Well, that was 2000 BC. Now we come 600 years later to Exodus 3. Here we have six centuries pass. Now think: this is a 2016. Six centuries ago it would be 1416. I mean Columbus is wandering around. And that’s how far, historically, we have—a six-century time gap. Is God faithful over 600 years? You bet.

So now we have the implementation of the freedom that they are going to experience, the deliverance from servitude that God predicted as part of His contract. “The angel of the Lord appeared to Moses in a flame of fire from the midst of a bush.” But notice the quality of the bush. Very interesting. Remember, Moses has seen fire on the desert. There are probably desert fires, so that’s not unusual. What was unusual about this particular fire that caught Moses’ eye? It was the fact that the fire was burning a bush but the bush was not consumed.

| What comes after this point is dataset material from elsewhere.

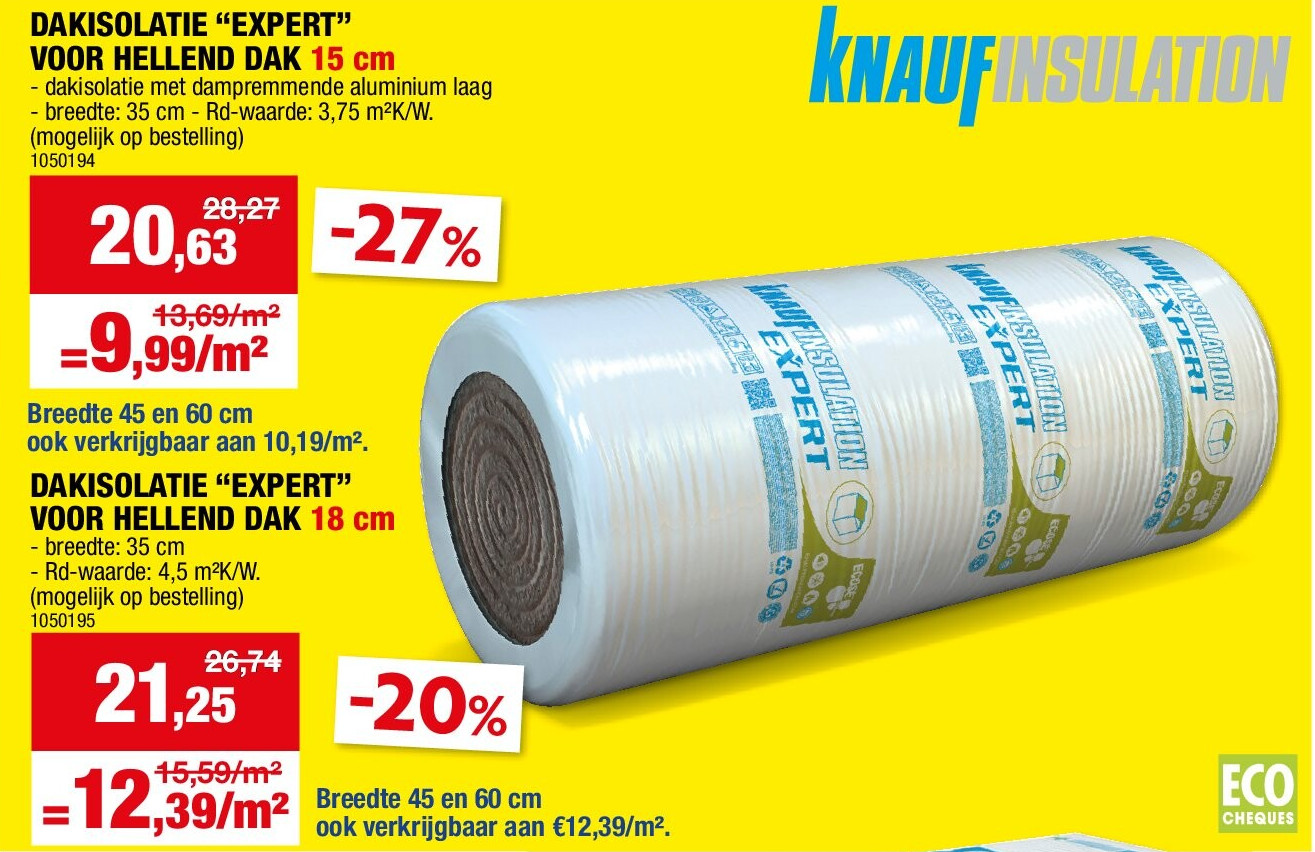 DAKISOLATIE “EXPERT” VOOR HELLEND DAK 15 cm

Now that’s a strange one; he’d never seen that before in the desert, so he goes up to see that. The bush was burning with fire but the bush was not consumed. Do you know what that’s a picture of? God’s presence is in that fire, but to make it clear to Moses that he is not dependent on His creation He deliberately keeps the bush from being consumed.

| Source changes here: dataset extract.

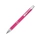 Алюминиевая шариковая кнопочная ручка Moneta, черные чернила, фуксия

That means where did the fuel come to fuel the flame? The flame was being fueled by something other than the bush because if it had been the bush that was the fuel for the fire, the bush would have been consumed. The fact that the bush … See, this is why you have to be so careful when you read the Bible for these little textual things. The bush isn’t consumed.

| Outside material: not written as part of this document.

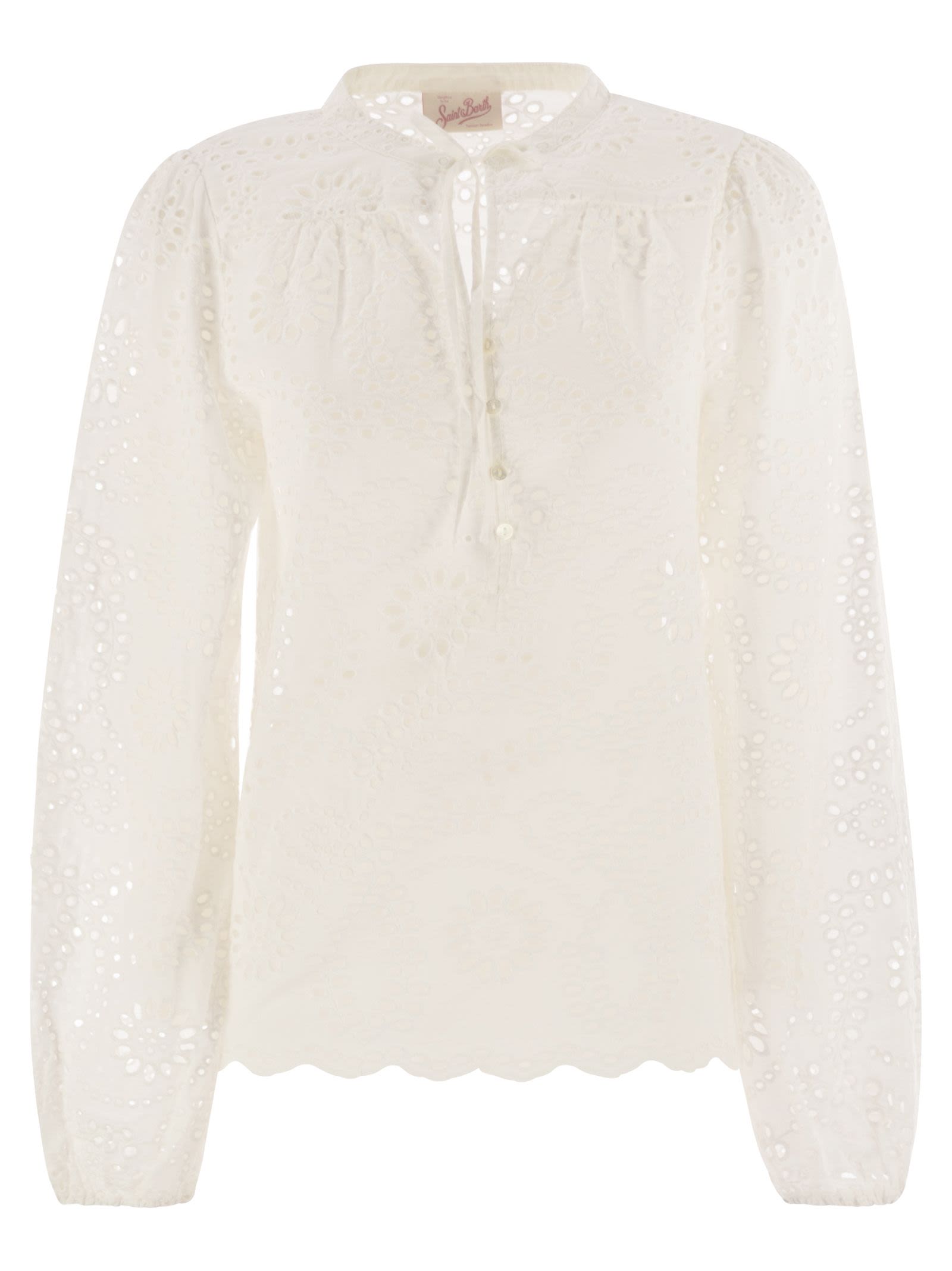 Mc2 Saint Barth Harper Shirt With Mandarin Collar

Well, Moses is looking at this, and of course later, it becomes obvious in the text that the fire is the very presence of God, and what it’s saying is, this is the un-burning bush, and by doing an un-burning bush what God is saying is, and He’s going to give Moses His name: I AM. I am independent of My creation. I am totally the Lord, the Creator. I don’t depend upon My creation. I am independent absolutely.

So I can appear as a flame, and it’s a special flame that does not depend on any creation fuel. Larry has this big thing of firewood out there. Well, that’s fuel that’s going to need to be consumed. Energy is going to be generated out of that. But in this case, the energy did not come from the bush. It’s a very small little feature in the text, but when you think about it, you think, how’s that? Why is the burning bush not burning?

Well, Moses went up there and God says how He identifies Himself. Look further on down. He says, “I am the God of your father, the God of Abraham, the God of Isaac, and the God of Jacob.” Why does He repeat those three men? That’s the core family of the Jews: Abraham, Isaac, and Jacob. That defines the lineage for the contract. The contract isn’t made with Esau. The contract is made with Isaac. The contract is made with Jacob—the 12 tribes, the 12 sons of Jacob.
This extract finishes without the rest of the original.